__What you have to do__
For this exercise, copy exactly the lines below from the one with "Free People black puffer jacket." through the one with "Red-haired cosplay model" and leave out the pictures.

__Available records__
★ ★ ★

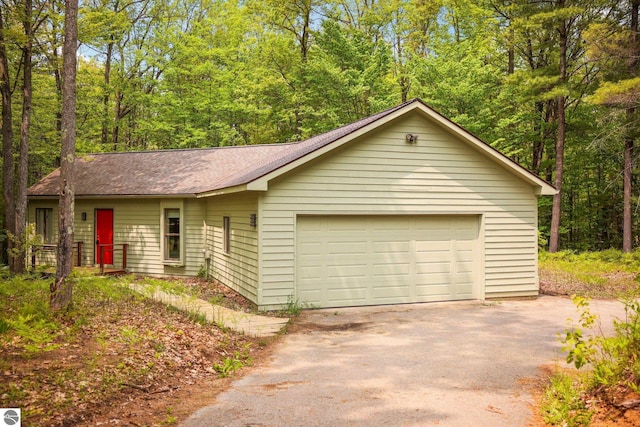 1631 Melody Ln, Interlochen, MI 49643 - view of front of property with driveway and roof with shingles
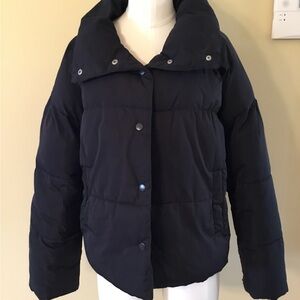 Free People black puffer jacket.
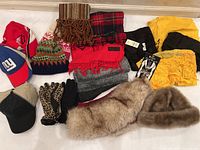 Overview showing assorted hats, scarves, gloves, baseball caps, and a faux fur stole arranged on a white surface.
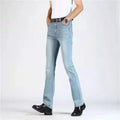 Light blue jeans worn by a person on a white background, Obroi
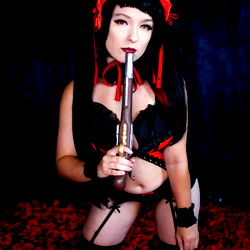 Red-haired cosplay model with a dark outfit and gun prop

★ ★ ★

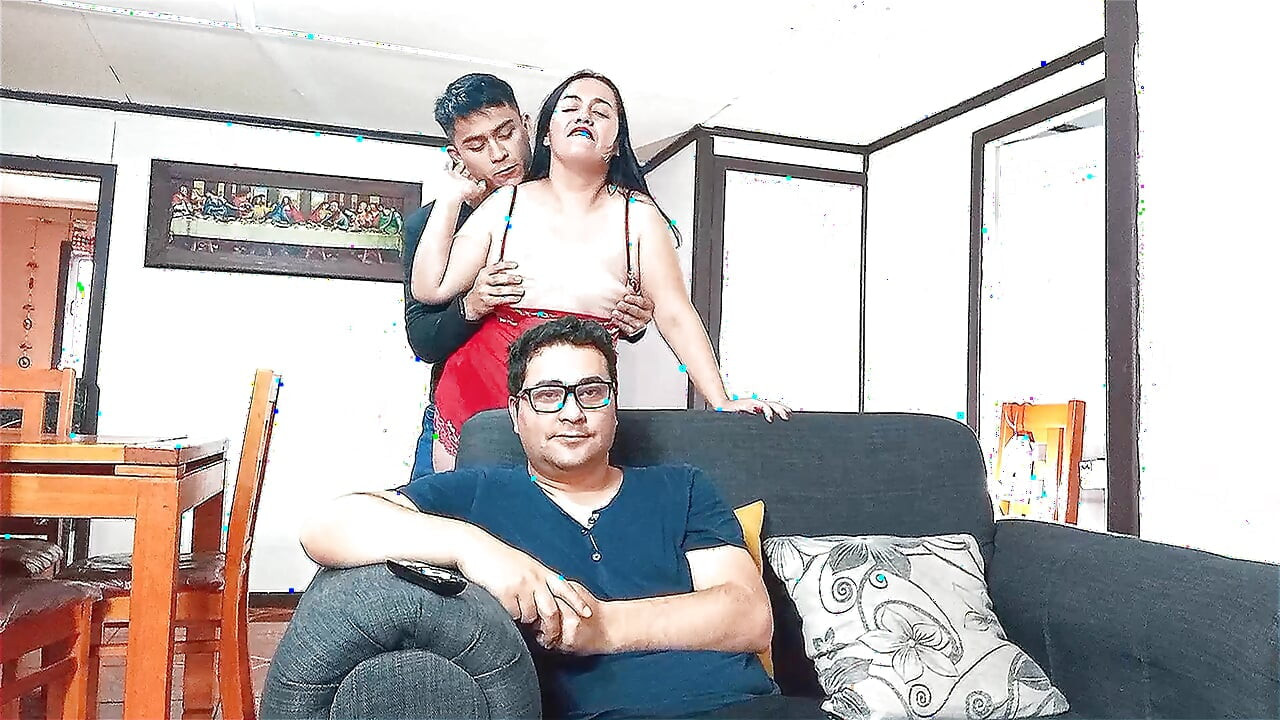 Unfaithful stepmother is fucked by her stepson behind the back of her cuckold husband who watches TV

★ ★ ★

__Answer for the task__
 Free People black puffer jacket.
 Overview showing assorted hats, scarves, gloves, baseball caps, and a faux fur stole arranged on a white surface.
 Light blue jeans worn by a person on a white background, Obroi
 Red-haired cosplay model with a dark outfit and gun prop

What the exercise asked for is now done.